Extracted information ▸
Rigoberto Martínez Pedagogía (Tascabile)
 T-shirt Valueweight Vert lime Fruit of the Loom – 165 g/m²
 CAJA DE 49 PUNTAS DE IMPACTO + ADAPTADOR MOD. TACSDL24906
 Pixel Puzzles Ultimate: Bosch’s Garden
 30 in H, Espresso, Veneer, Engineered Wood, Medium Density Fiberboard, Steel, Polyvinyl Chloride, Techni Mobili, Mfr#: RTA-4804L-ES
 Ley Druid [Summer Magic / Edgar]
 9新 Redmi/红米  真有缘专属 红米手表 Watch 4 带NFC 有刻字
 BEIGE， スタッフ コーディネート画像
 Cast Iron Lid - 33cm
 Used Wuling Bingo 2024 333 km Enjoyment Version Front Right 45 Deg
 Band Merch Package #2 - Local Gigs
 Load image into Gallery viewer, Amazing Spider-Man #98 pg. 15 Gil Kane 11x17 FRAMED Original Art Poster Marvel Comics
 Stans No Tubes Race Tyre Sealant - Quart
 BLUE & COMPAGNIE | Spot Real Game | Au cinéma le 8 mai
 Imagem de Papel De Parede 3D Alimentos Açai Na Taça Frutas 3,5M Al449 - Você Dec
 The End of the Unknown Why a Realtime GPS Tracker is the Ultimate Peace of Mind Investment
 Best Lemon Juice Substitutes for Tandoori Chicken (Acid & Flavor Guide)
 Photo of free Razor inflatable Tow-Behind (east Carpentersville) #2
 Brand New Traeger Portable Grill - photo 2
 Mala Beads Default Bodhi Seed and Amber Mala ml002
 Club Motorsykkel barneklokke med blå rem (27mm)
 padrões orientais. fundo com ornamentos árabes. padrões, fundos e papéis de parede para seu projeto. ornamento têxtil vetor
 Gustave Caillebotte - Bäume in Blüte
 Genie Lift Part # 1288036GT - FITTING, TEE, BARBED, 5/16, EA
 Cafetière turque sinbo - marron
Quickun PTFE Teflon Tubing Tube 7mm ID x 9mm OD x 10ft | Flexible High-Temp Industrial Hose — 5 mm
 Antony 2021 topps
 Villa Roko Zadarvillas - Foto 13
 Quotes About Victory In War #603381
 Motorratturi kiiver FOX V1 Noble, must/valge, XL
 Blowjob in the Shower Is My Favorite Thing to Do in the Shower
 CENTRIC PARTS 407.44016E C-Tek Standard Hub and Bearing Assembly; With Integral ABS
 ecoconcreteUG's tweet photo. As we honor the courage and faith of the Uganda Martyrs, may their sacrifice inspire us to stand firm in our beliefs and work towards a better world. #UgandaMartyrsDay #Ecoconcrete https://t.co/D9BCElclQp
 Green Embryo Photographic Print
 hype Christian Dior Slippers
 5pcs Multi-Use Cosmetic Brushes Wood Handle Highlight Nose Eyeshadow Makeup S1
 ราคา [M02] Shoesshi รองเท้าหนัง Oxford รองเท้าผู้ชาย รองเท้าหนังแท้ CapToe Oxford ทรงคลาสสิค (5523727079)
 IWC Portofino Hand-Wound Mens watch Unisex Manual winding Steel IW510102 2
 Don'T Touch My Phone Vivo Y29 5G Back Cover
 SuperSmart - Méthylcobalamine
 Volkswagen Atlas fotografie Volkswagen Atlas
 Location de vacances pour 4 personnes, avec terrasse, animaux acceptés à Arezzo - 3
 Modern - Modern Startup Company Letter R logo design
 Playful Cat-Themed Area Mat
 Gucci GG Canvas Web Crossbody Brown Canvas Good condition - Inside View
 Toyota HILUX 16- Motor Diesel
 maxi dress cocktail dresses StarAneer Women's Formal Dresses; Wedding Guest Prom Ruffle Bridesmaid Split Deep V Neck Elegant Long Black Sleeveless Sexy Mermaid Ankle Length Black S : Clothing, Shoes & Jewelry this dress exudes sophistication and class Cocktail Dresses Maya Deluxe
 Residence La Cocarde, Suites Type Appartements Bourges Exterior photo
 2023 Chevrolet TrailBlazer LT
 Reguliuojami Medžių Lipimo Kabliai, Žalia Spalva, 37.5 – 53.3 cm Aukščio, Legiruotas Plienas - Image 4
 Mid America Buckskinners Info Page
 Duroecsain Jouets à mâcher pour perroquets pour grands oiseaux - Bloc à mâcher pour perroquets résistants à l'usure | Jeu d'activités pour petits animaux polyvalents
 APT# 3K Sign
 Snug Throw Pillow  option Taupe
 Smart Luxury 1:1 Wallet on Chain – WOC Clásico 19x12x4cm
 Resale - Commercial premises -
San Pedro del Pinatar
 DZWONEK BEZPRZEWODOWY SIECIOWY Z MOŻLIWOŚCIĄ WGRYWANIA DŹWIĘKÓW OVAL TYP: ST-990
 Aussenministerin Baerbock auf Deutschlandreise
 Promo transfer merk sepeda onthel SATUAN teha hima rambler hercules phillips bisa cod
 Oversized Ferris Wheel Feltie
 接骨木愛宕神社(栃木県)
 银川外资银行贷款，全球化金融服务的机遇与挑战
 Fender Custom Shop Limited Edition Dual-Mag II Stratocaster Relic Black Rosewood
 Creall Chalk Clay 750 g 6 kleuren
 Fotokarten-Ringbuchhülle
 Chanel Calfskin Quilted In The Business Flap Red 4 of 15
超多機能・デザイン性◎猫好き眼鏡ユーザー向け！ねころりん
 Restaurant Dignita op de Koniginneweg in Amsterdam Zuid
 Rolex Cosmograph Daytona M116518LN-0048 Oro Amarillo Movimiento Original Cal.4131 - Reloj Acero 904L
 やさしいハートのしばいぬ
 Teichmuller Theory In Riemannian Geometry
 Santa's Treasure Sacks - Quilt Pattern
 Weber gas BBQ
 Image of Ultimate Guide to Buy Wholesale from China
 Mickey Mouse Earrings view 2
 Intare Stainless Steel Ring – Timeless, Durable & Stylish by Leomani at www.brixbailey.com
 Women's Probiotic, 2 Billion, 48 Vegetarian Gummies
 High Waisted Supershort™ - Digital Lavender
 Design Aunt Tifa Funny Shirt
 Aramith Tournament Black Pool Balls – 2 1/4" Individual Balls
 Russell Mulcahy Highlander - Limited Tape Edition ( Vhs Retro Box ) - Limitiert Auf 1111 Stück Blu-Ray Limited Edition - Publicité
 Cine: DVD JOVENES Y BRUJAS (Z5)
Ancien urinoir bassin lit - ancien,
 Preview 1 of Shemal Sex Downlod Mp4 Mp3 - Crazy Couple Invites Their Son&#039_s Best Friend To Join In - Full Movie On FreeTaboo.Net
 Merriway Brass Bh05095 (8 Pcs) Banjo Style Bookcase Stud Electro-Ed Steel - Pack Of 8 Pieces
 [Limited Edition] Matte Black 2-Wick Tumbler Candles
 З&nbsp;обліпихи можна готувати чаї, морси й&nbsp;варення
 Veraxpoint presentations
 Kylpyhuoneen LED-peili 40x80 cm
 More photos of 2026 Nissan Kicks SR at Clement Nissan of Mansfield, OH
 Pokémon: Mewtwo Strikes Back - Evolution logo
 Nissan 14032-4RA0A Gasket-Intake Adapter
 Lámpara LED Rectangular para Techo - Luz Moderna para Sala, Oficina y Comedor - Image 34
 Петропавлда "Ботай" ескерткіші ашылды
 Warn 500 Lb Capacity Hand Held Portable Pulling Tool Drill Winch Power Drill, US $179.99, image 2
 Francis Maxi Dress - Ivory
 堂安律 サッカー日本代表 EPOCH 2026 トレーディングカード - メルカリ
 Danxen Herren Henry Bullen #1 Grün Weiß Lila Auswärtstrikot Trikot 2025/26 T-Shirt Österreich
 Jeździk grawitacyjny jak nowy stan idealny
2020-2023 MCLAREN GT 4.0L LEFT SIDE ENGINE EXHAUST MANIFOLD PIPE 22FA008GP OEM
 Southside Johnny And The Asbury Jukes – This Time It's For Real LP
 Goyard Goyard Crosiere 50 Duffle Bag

Work task ▸
Return only what runs from the line containing "Lámpara LED Rectangular" to the last line of the records above, both ends included, exactly as written.

Your solution ▸
 Lámpara LED Rectangular para Techo - Luz Moderna para Sala, Oficina y Comedor - Image 34
 Петропавлда "Ботай" ескерткіші ашылды
 Warn 500 Lb Capacity Hand Held Portable Pulling Tool Drill Winch Power Drill, US $179.99, image 2
 Francis Maxi Dress - Ivory
 堂安律 サッカー日本代表 EPOCH 2026 トレーディングカード - メルカリ
 Danxen Herren Henry Bullen #1 Grün Weiß Lila Auswärtstrikot Trikot 2025/26 T-Shirt Österreich
 Jeździk grawitacyjny jak nowy stan idealny
2020-2023 MCLAREN GT 4.0L LEFT SIDE ENGINE EXHAUST MANIFOLD PIPE 22FA008GP OEM
 Southside Johnny And The Asbury Jukes – This Time It's For Real LP
 Goyard Goyard Crosiere 50 Duffle Bag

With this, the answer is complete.